Variational Inference¶

deepuq implements a practical family of mean-field variational inference (VI) methods built around Bayes by Backprop. The package now covers plain regression/classification, heteroscedastic regression, multi-output regression, and scalable last-layer VI on deterministic feature extractors.

1) Motivation¶

Exact Bayesian inference for neural-network weights is generally intractable.
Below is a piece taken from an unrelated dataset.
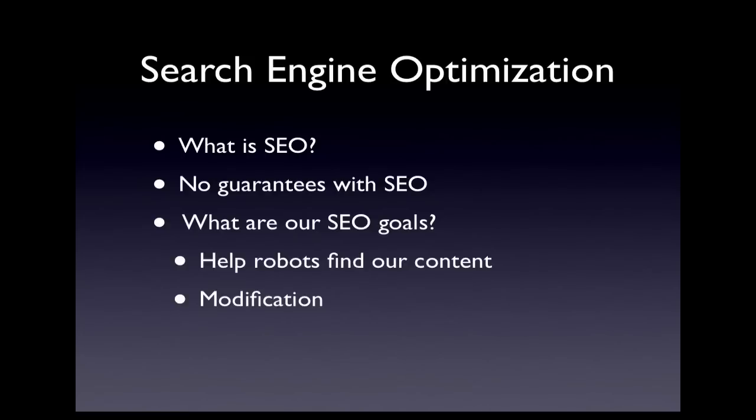And second, we are learning how they work by trial and error and making the appropriate modifications to our site.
Variational inference replaces the true posterior with a tractable family and optimizes that approximation with stochastic gradients.

This gives a practical path to uncertainty-aware deep learning while keeping standard PyTorch training loops.
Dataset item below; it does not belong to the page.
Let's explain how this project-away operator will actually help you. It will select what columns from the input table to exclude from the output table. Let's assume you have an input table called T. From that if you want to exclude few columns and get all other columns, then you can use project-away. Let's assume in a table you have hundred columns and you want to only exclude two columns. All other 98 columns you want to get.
2) What uncertainty is quantified¶

VI in deepuq primarily quantifies epistemic uncertainty through a posterior approximation over network weights.

Posterior predictive distribution:

\[ p(y_\*\mid x_\*,\mathcal D)=\int p(y_\*\mid x_\*,w)\,q_{\phi}(w)\,dw \]

Monte Carlo approximation:

\[ p(y_\*\mid x_\*,\mathcal D)\approx\frac{1}{S}\sum_{s=1}^{S} p(y_\*\mid x_\*,w^{(s)}), \qquad w^{(s)}\sim q_{\phi}(w) \]

For heteroscedastic regression variants, the predictive distribution also includes a learned data-noise term, so the returned uncertainty decomposes into:

\[ \sigma^2_{\mathrm{total}}(x)=\sigma^2_{\mathrm{epi}}(x)+\sigma^2_{\mathrm{alea}}(x) \]

3) Mathematical setup / notation¶

Let

\[ \mathcal D=\{(x_i,y_i)\}_{i=1}^N \]

with prior \(p(w)\) and variational family \(q_{\phi}(w)\).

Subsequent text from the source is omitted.